Esta maniobra política, por dondequiera que se la vea con atención e interés ciudadano, sugiere una vinculación estrecha con el proyecto continuista, edulcorado con el juego de la reelección presidencial, y que apunta, en sus objetivos prioritarios, a la represión de próximas movilizaciones sociales orientadas a la formación de un posible Frente Amplio Constitucionalista, con perspectiva de alternancia política.

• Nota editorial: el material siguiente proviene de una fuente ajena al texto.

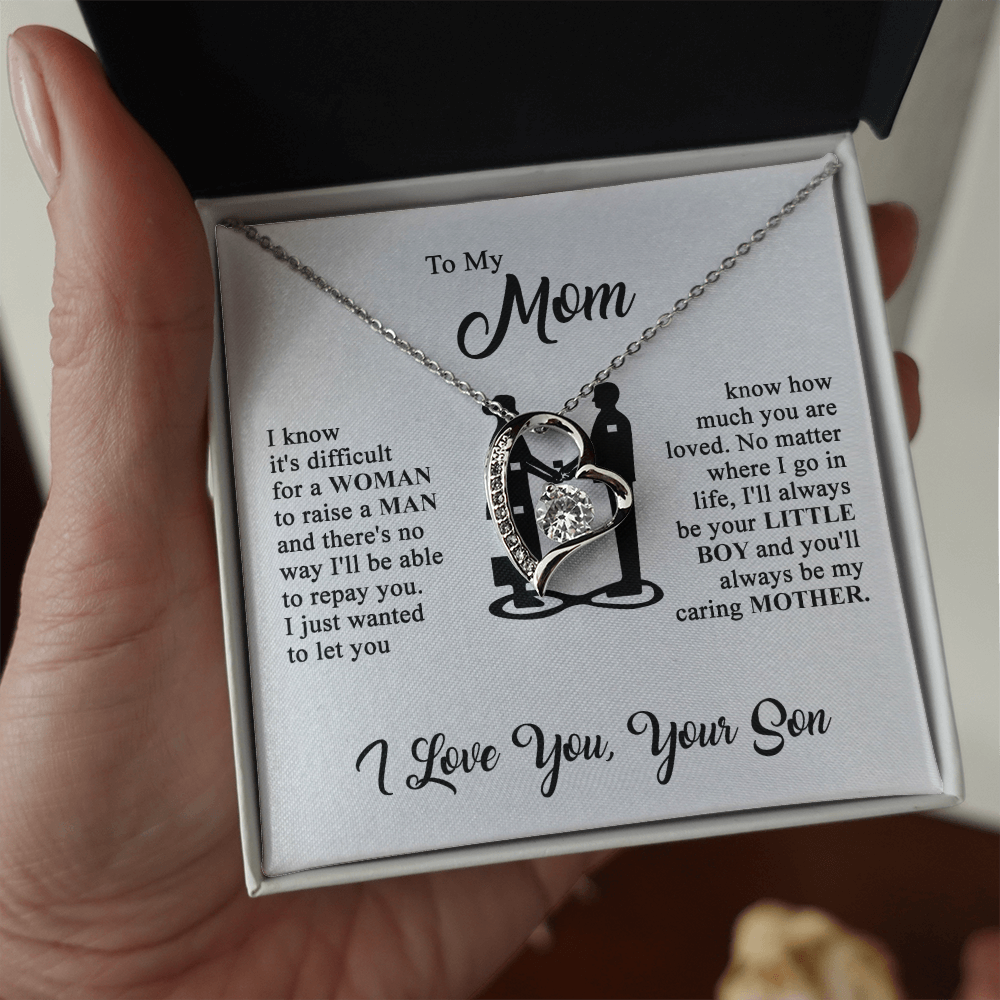 To My Mom - I Love You  - Heart Necklace - Gold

Esto se ve a larga vista, pero también microscópicamente, con solo recapacitar que, en el transcurso de los últimos 35 años de la vigencia formal de gobiernos democráticos en Honduras, con una Policía Nacional liberada de dominio militar, por primera vez un militar activo es nombrado secretario de Estado en los Despachos de la Seguridad Pública, y, por lo tanto, dependiente de la jerarquía militar, vale decir el Estado Mayor Conjunto.

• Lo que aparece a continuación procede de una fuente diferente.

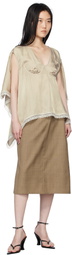 Pushbutton Beige Bra Point Square Blouse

En los médanos de la seguridad del Estado —militar y policial— ninguno de los cargos y movimientos jerárquicos es improvisado, y, mucho menos, inocente. Obedece a principios estructurales de integridad orgánica, verticalidad, prevención y continuidad. De allí la necesidad de asepsia política-partidista y la caracterización estructural que permiten la apoliticidad y la legitimidad de las Fuerzas Armadas y de la Policía Nacional, cada cual en su rol institucional.

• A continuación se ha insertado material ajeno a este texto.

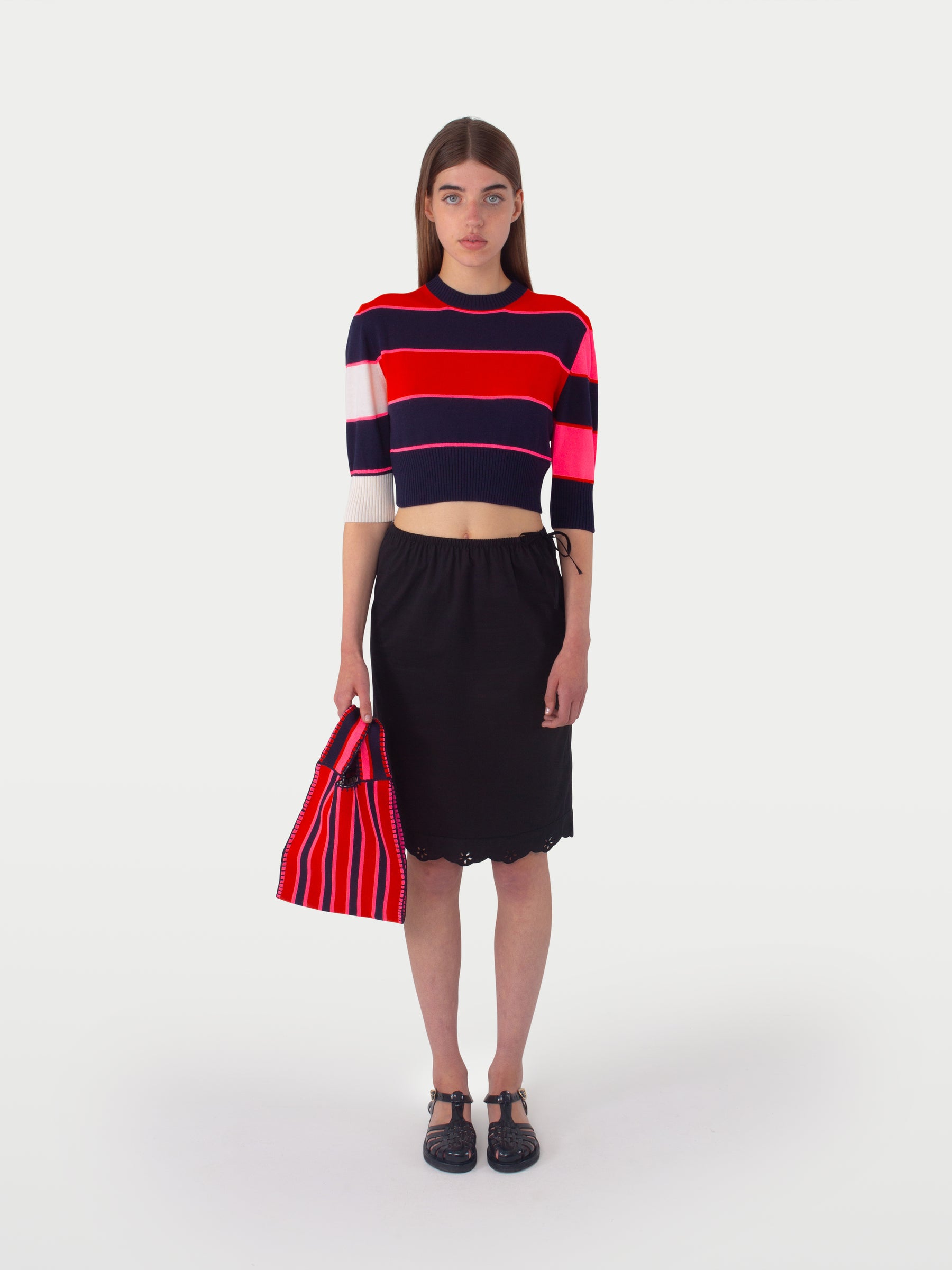LUNA Striped Sweater - Red / Navy / Neon Pink / Red / Ecru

A lo largo de las casi cuatro décadas indicadas, los secretarios de Seguridad Pública han sido civiles, algunos de ellos militares en situación de retiro, pero, legalmente y de hecho civiles. Ahora se da la contradicción, nada ingenua, de que un general de Ejército es el jefe superior de un comisionado general de Policía, y, por lo tanto, supeditado a un mando militar en acto.
Eso indica, a su vez, que la institución policial ha quedado desarticulada, que la Academia Nacional de Policía pierde su razón de ser, que es precisamente la de formar cuadros profesionales y oficialidad especializada, indispensable para la existencia del organismo encargado de la seguridad interna, independientemente de los nexos interinstitucionales que deba tener con la entidad militar.
Pero esto no es todo, por supuesto. Hay que tener en cuenta que, al final, los recursos económicos y de equipamiento están ahora controlados directamente por el Ejecutivo, como es fácil advertirlo respecto al desarrollo de la PMOP y su funcionamiento político, así como la preterición de la Policía Nacional.
Pero así son ahora las veredas de Honduras, que, definitivamente, no llevan a Roma.